Wednesday, July 27, 2016

USA, USA... What Will We Do?

These past few days have been frightening. The Republicans seem to have galloped off into total insanity. And I fear the Democrats, while adopting a Progressive leaning platform, will continue the same-old-same-old oligarchy and march the nation into Fascism. In this video report, Robert Reich, labor secretary under President Clinton, and Chris Hedges, a Pulitzer Prize-winning journalist, capture my concerns. What are your thoughts?

Thursday, July 21, 2016

Dealing With My Conscious Self

A very long time ago I tried to smoke. Immediately my body said, "No". I coughed and hacked and ended up with a sore throat and a smelly mouth. I never tried to smoke again.

I never tried marijuana or drugs. I guess I feared I'd lose control of myself, similar to the time I was knocked out while playing football and ended up with a concussion.
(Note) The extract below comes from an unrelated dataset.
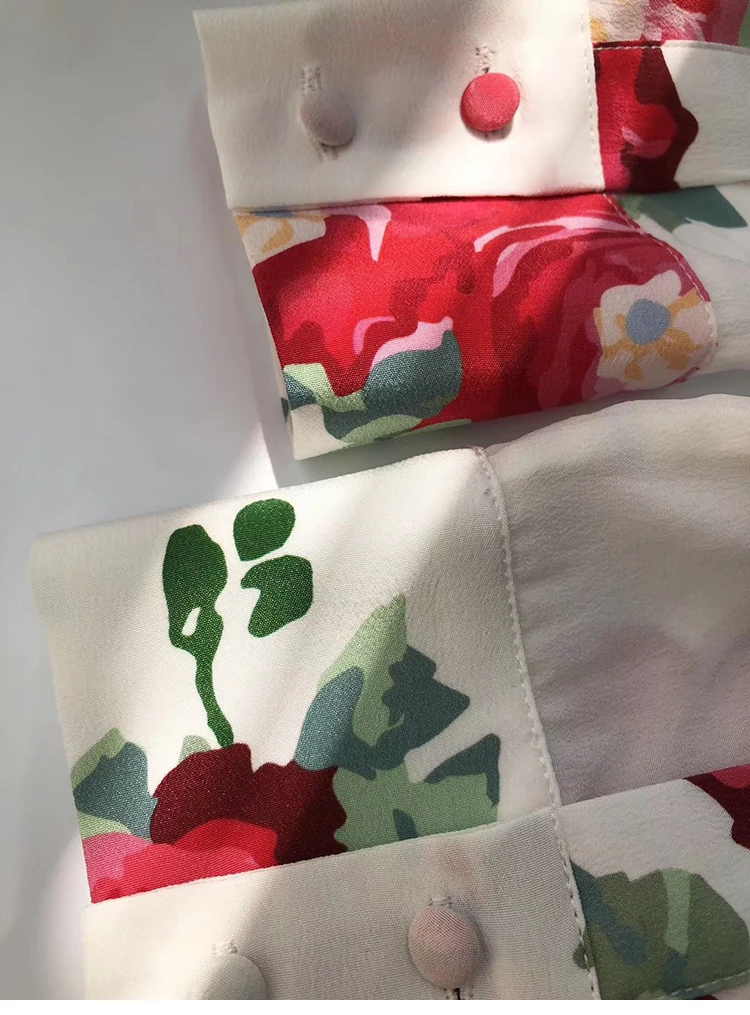 

100% Silk Brand Fashion Women High Luxury Vintage Elegant Sweet Cute Printed Flower Loose Long Sleeve Silk Shirt Blouse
I blacked out for several hours and remembered nothing until I woke up in the hospital.

Later, my Dad told me I'd punched the emergency doctor in the nose because he kept making me lay down on the ice-cold examining table. Dad said, "You told him several times to stop holding you down... they had taken your shirt and you were cold... so you finally punched him. The doctor understood... you weren't yourself due to the concussion."

I was sorry, of course. That episode cured me of any interest in drugs which would put my conscious self into some other place.
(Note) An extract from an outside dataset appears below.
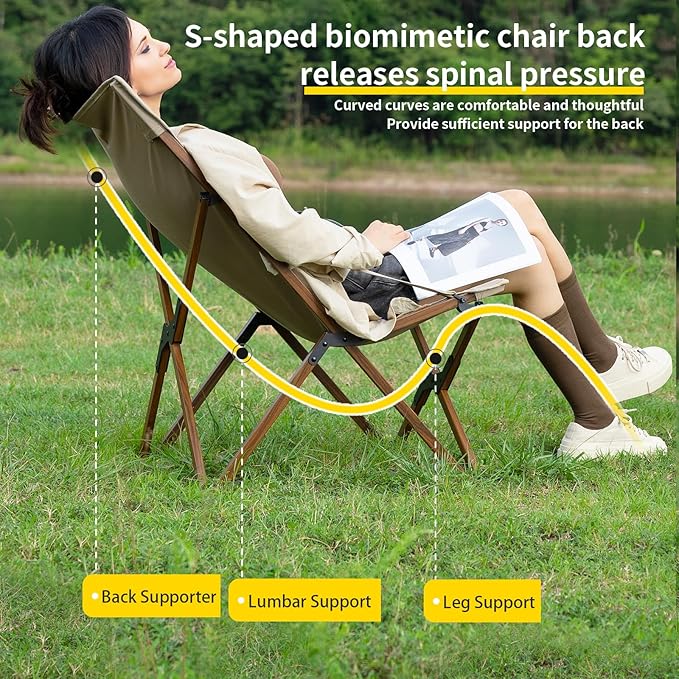 Whitsunday Outdoor Chair Camping Folding Butterfly Chair with Pillow Portable Reclining Chair for Camping Picnic Beach Travel Hiking -Khaki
It's time for a reboot now that it appears that medical marijuana could become a major good thing in our lives. This from The Atlantic:

"A new study by researchers Ashley Bradford and W. David Bradford at the University of Georgia indicates that legalizing medical marijuana prescriptions for seniors reduces “use of prescription drugs for which marijuana could serve” and also “has a significant effect on prescribing patterns and spending in Medicare Part D,” the Medicare component that pays for prescription drugs for enrollees."
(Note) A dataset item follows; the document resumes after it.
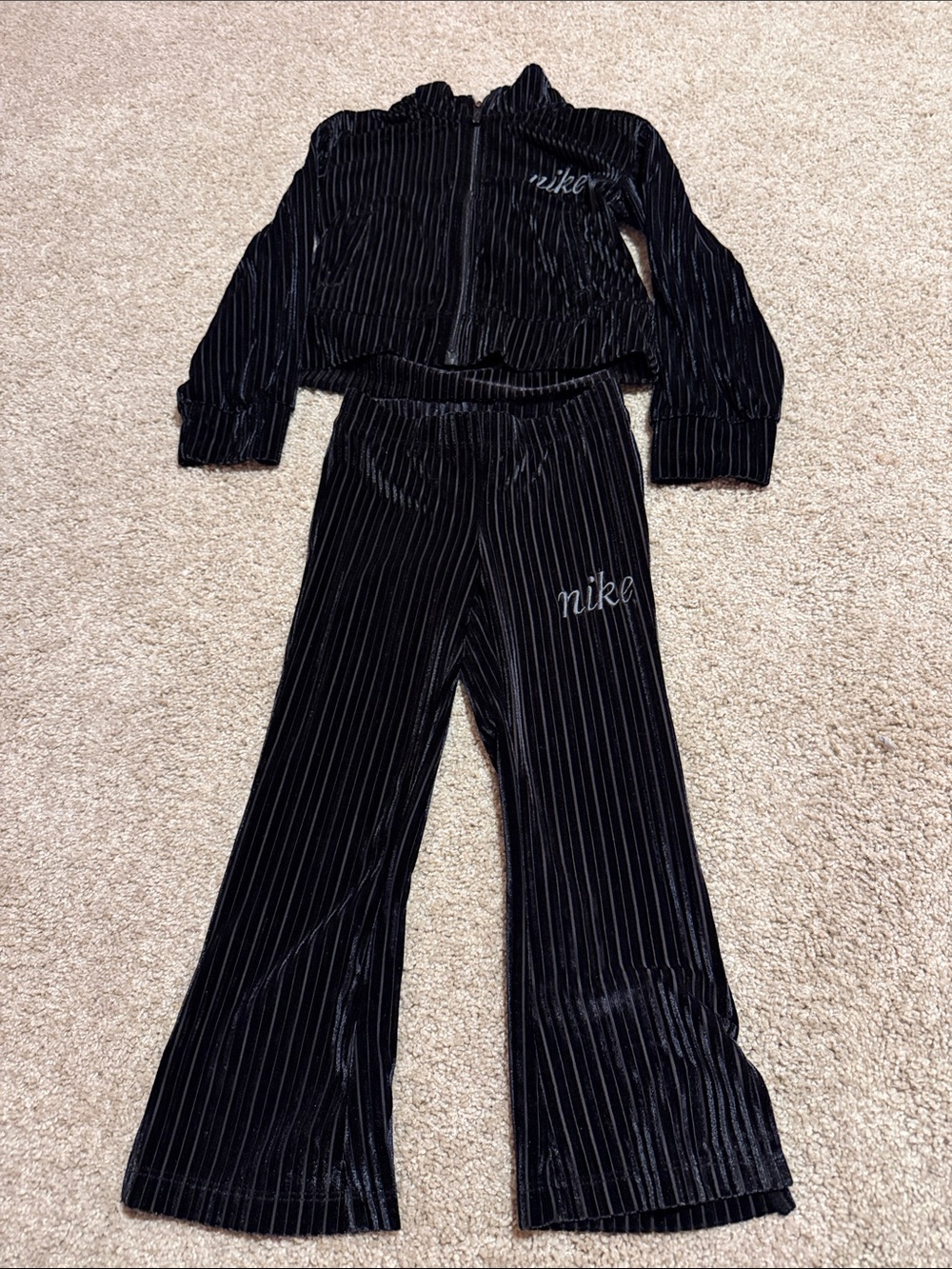 Nike Black Velvet Ribbed Zip-Up Jacket with Flared Pants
In the study, the researchers identified "nine conditions for which medical marijuana has evidence of efficacy in treatment—including anxiety, depression, sleep disorders, and pain."

OK... OK... I've learned that you don't have to smoke the stuff to realize the medical benefits. So, no sore throat for me if I ever need to use it to deal with my conscious self in this world.

Go here for the story: What Can't Medical Marijuana Do, Vann R. Newkirk II, The Atlantic, 18 July 2016

Saturday, July 16, 2016

Stand Up for Our Rights

This song, written by Bob Marley and Peter Tosh, is perhaps even more relevant today than back in the 70s when it was originally written. It's about the Marley's fight for respect and acceptance of his Rastafarian religion in Jamaica. It reverberates for me today because I fear we will soon be fighting for our constitutionally guaranteed rights due to over reaction to the now everyday horrors we are witnessing throughout the world.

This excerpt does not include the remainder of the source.